If you plan to use multiple environments, create any `appsettings.{YourEnvironment}.json` (e.g. `Development`, `Staging`, `Prod`) and set the environment variable `DOTNET_ENVIRONMENT` accordingly on the target machine.
## Setup
If you just installed the server and want to configure it:
1. Open `src/server/appsettings.Development.json`
2. Change the password in the "SQL" section (`pwd=<your password goes here>;`)
3. If your Ollama instance does not run locally, update "OllamaURL" to point at your Ollama instance.
4. If you plan on using the server in production:
1. Set the environment variable `DOTNET_ENVIRONMENT` to something that is not "Development". (e.g. "Prod")
2. Rename the `appsettings.Development.json` - replace "Development" with whatever you chose. (e.g. "Prod")
3. Set API keys in the "ApiKeys" section (generate keys using the `uuid` command on Linux)
# API
## Accessing the api
Once started, the server's API can be comfortably be viewed and manipulated via swagger.
By default it is accessible under: `http://localhost:5146/swagger/index.html`
To make an API request from within swagger:
1. Open one of the actions ("GET" / "POST")
2. Click the "Try it out" button.
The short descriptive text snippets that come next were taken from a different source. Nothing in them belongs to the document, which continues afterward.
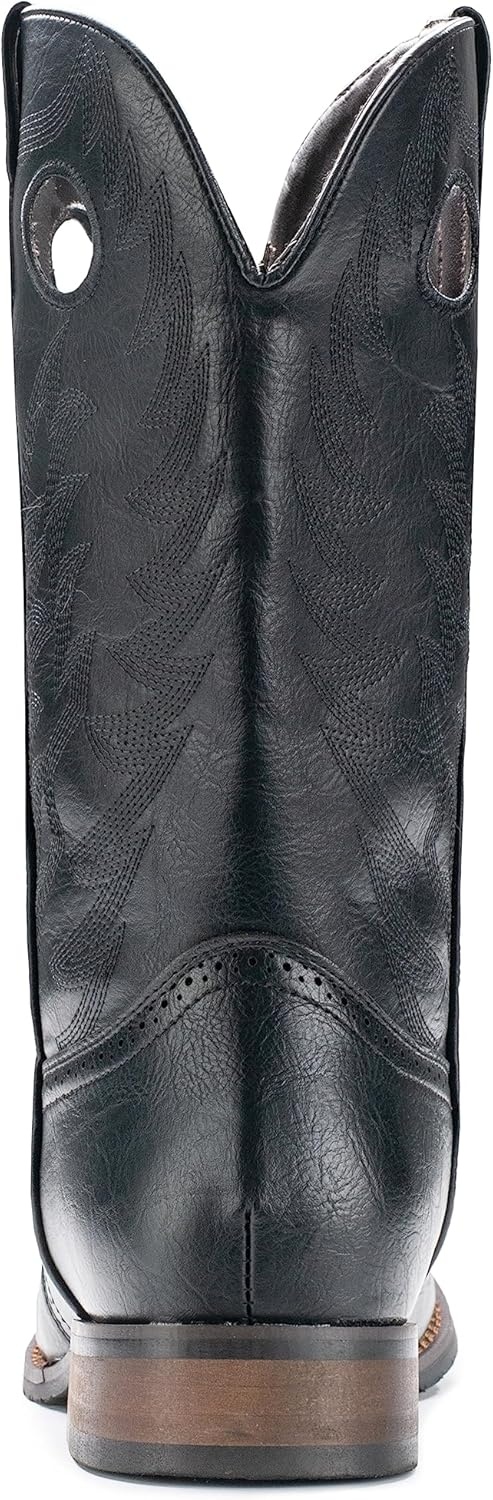 image:imageIUV Cowboy Boots For Men Western Boot Classic Embroidered Square Toe Pull On MidCalf Boots Round HoleBlack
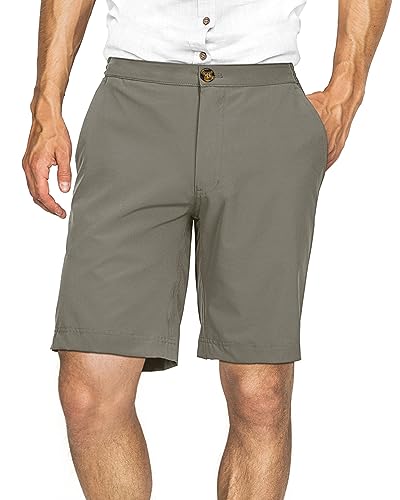 33,000ft Golfhose Herren Kurz, Leichte Stretch Kurze Hose Bermuda Schnelltrocknend Outdoor Shorts für Wandern, Camping, Reisen Grau Grün 36W von 33,000ft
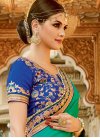 Faux Georgette Beads Work Contemporary Saree - 1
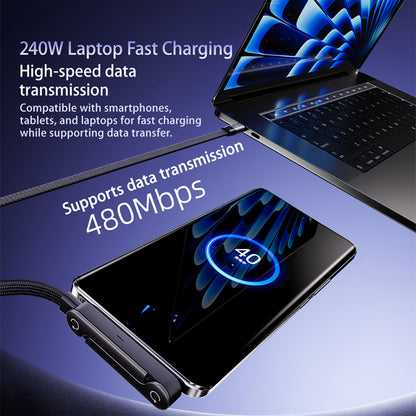 Cavo intrecciato di ricarica rapida 240W 1.5M con supporto pieghevole 360°  compatibile con iPhone e Android - X09A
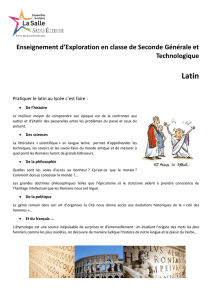 Enseignement d`exploration Latin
The input fields (if there are any for your action) should now be editable.
3. Fill in the necessary information
4. Click "Execute"
## Restricting access
API keys do **not** get checked in Development environment!
Set up a non-development environment as described in [Configuration>Setup](#setup) to enable API key authentication.